:: TASK MATERIAL
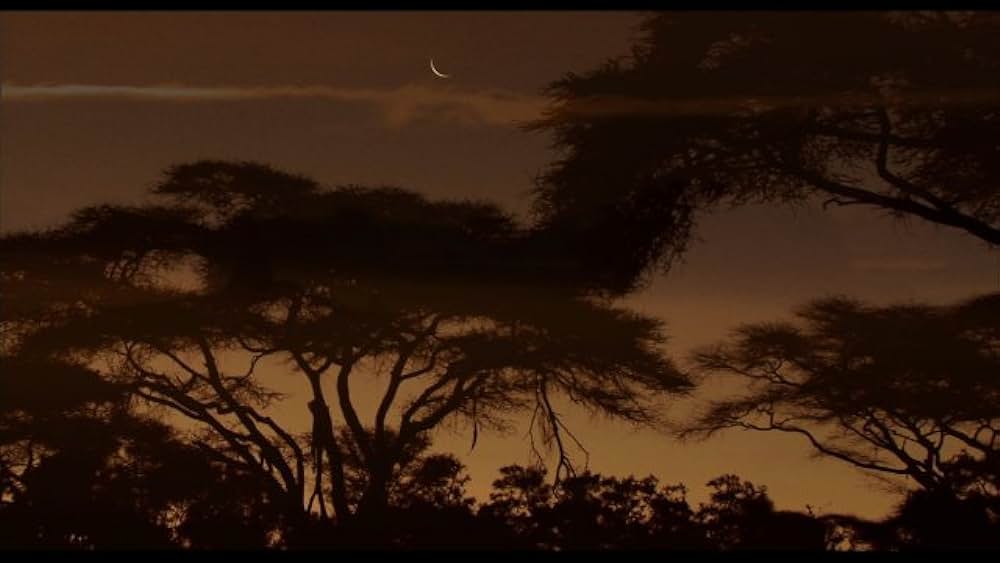 actor Dereck Joubert large photo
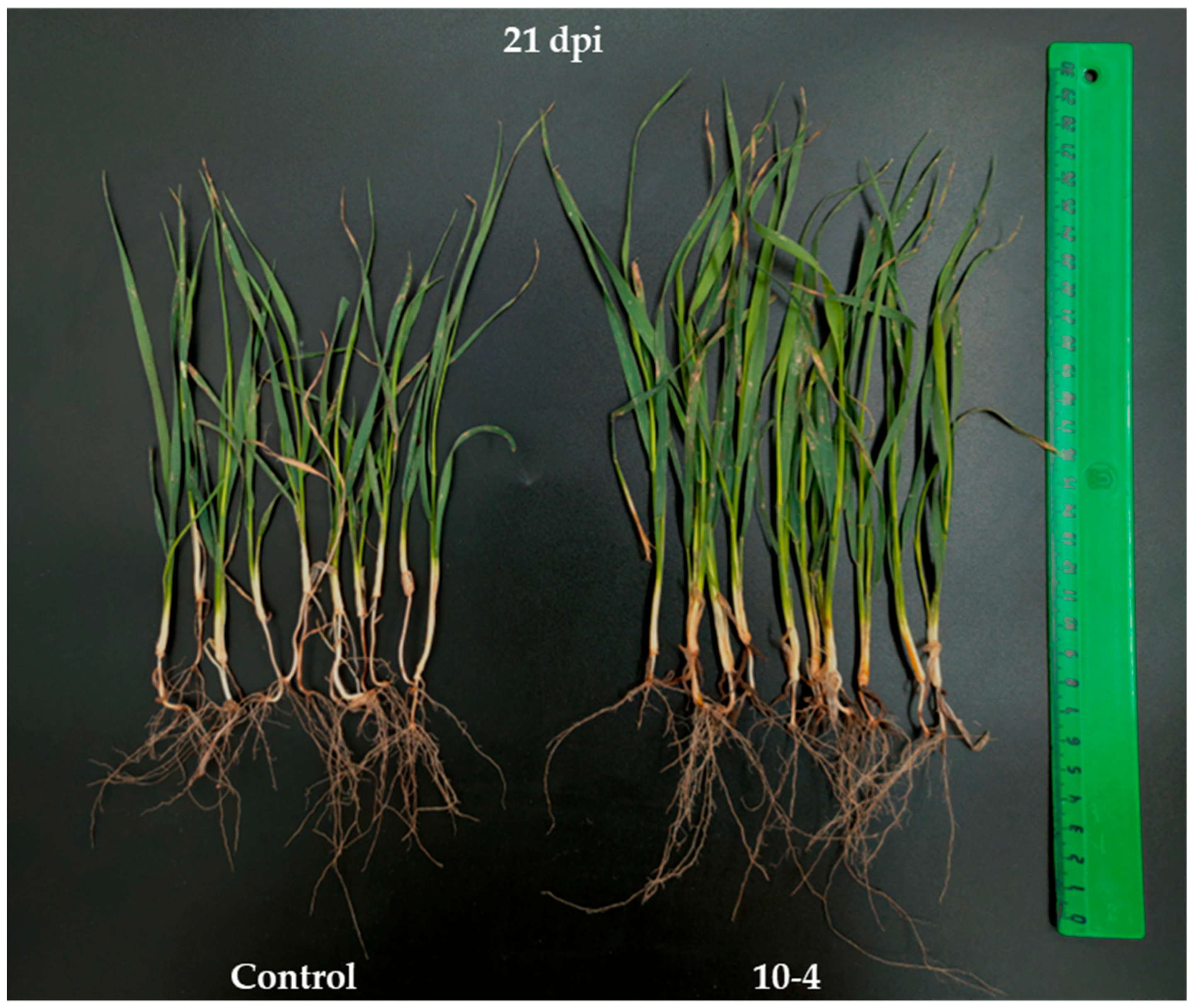 Ijms 26 11904 g006 Ijms 26 11904 g006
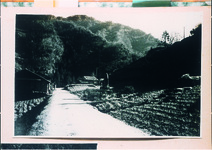 半田町の集落風景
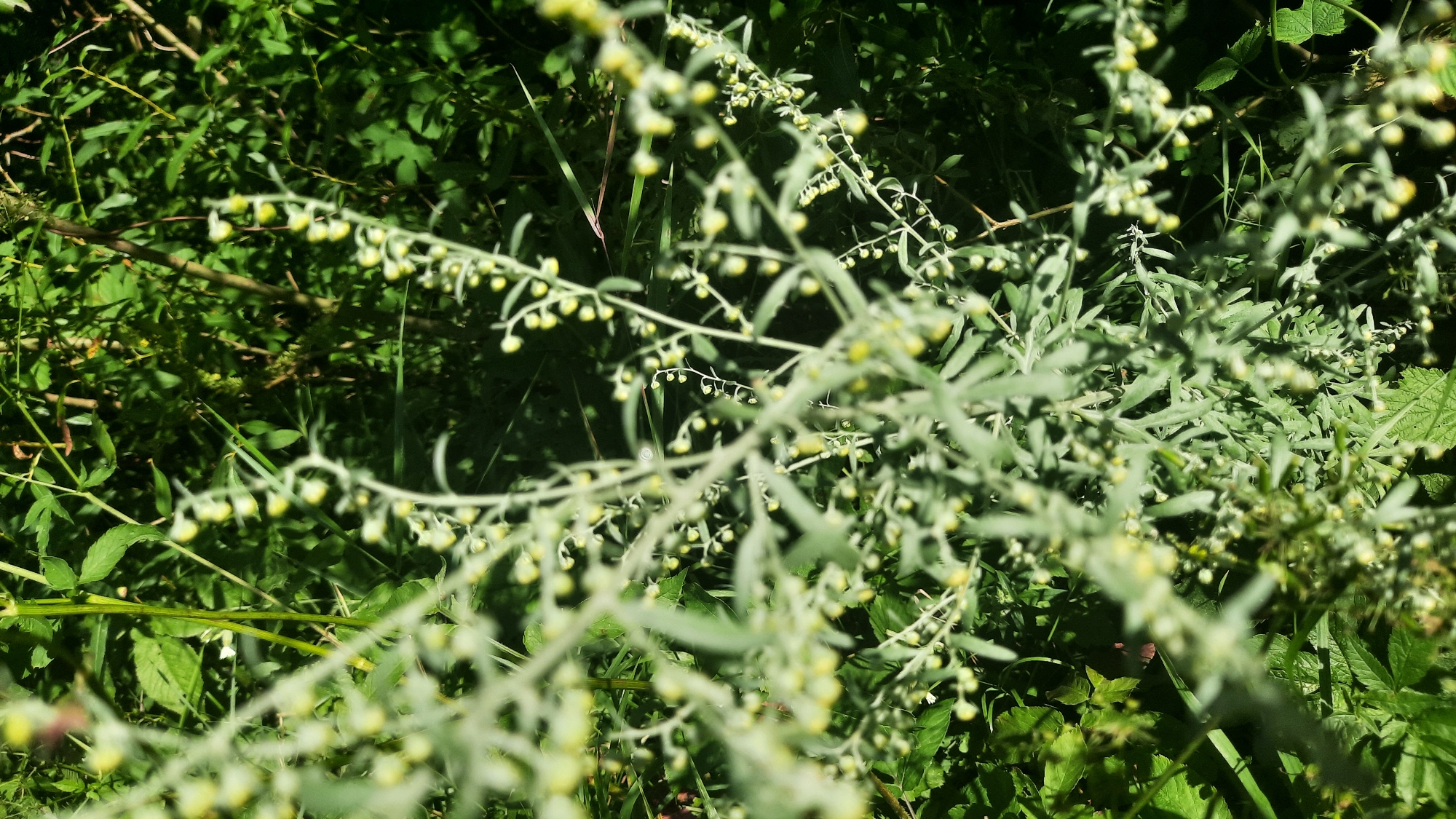 The image shows a close-up view of a plant with small, pale yellow buds on its stems, set against a background of lush green foliage. The plant's leaves are finely divided and appear to have a slightly fuzzy texture. The lighting suggests it is daytime, with sunlight filtering through the leaves, creating areas of shadow and highlight. The setting appears to be outdoors, likely in a garden or a natural area, consistent with the flora found in and around the city of Shklov, Belarus. There are no people or discernible man-made objects in the frame.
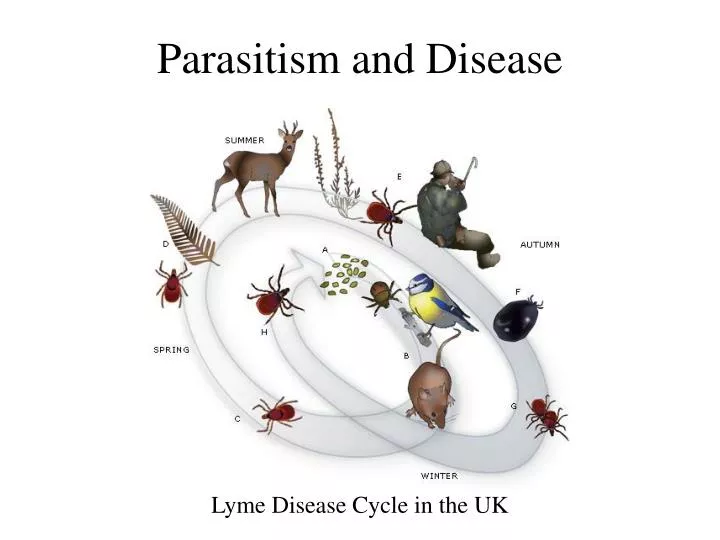 parasitism and disease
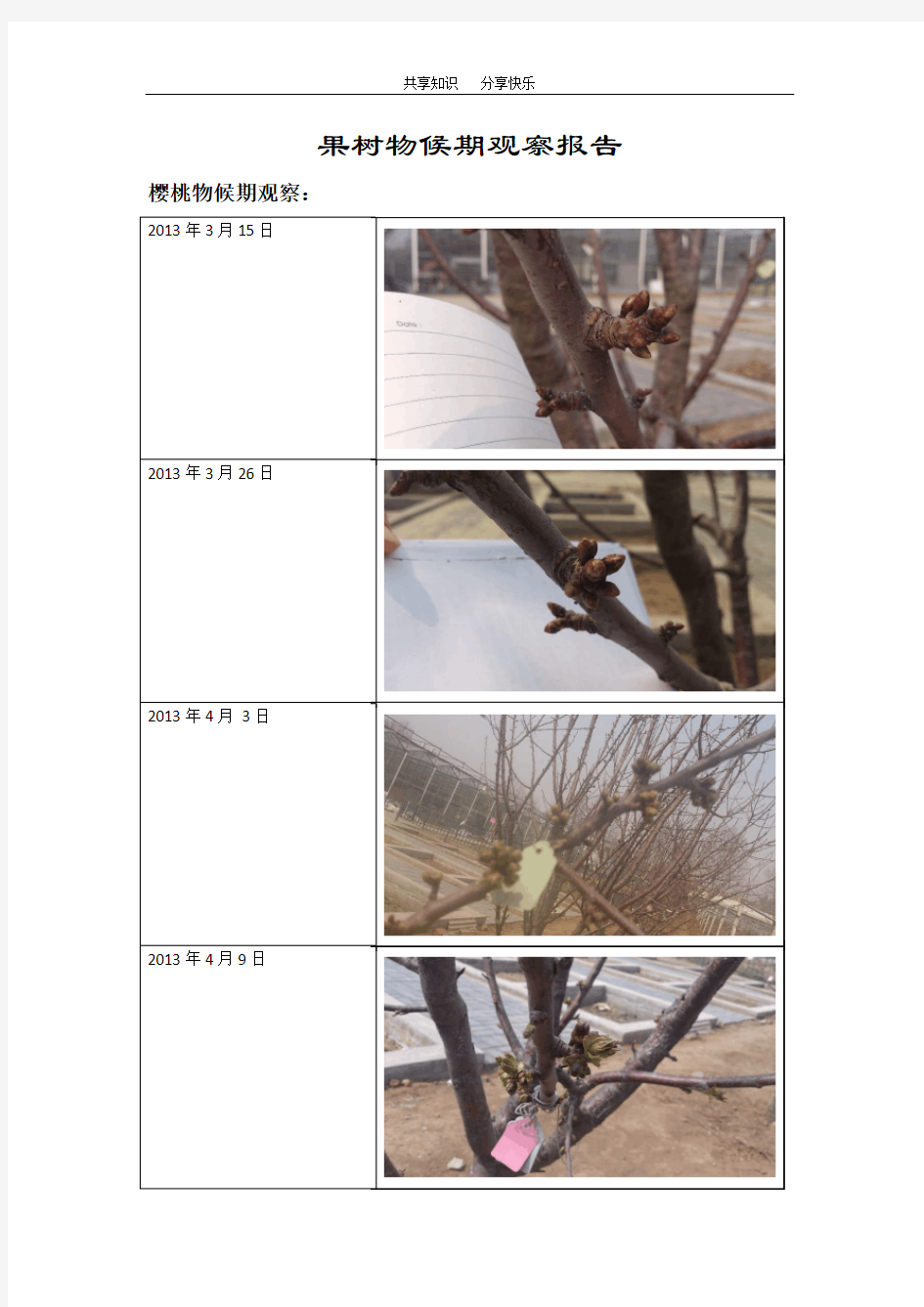 果树物候期报告-田间实验报告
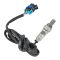 O2 Oxygen Sensor Set of 2 - Delphi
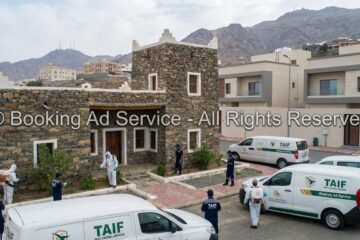 شركة مكافحة حشرات بالطائف: دليلك الشامل لمنزل خالٍ من الآفات ومحيط آمن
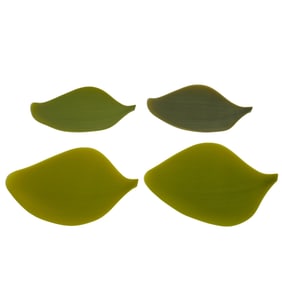 (4 pcs) Covo "Seasons" by Nao Tamura Serving Dish Set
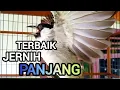Download Lagu #1 KUTILANG GACOR ISIAN KAPAS TEMBAK TERBAIK SUARA JERNIH AMPUH UNTUK MASTERAN KUTILANG JUARA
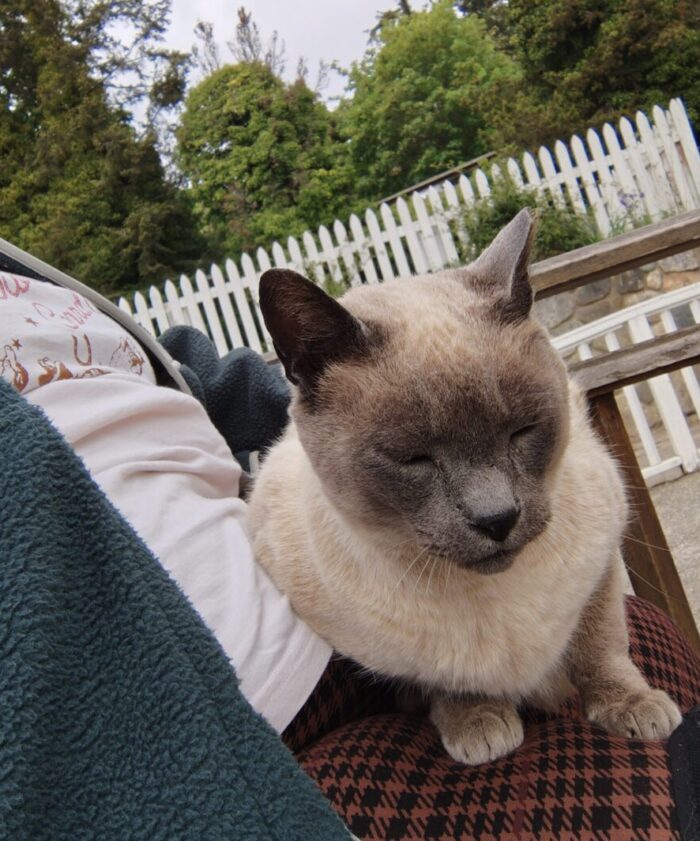 Mr. Lily, the Orcas Hotel cat, sitting on my lap and chilling with his eyes closed while I pet him.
::::
EXERCISE AIM: Each record above needs to be copied exactly, with images left out.

EXERCISE RESPONSE:
 actor Dereck Joubert large photo
 Ijms 26 11904 g006 Ijms 26 11904 g006
 半田町の集落風景
 The image shows a close-up view of a plant with small, pale yellow buds on its stems, set against a background of lush green foliage. The plant's leaves are finely divided and appear to have a slightly fuzzy texture. The lighting suggests it is daytime, with sunlight filtering through the leaves, creating areas of shadow and highlight. The setting appears to be outdoors, likely in a garden or a natural area, consistent with the flora found in and around the city of Shklov, Belarus. There are no people or discernible man-made objects in the frame.
 parasitism and disease
 果树物候期报告-田间实验报告
 O2 Oxygen Sensor Set of 2 - Delphi
 شركة مكافحة حشرات بالطائف: دليلك الشامل لمنزل خالٍ من الآفات ومحيط آمن
 (4 pcs) Covo "Seasons" by Nao Tamura Serving Dish Set
Download Lagu #1 KUTILANG GACOR ISIAN KAPAS TEMBAK TERBAIK SUARA JERNIH AMPUH UNTUK MASTERAN KUTILANG JUARA
 Mr. Lily, the Orcas Hotel cat, sitting on my lap and chilling with his eyes closed while I pet him.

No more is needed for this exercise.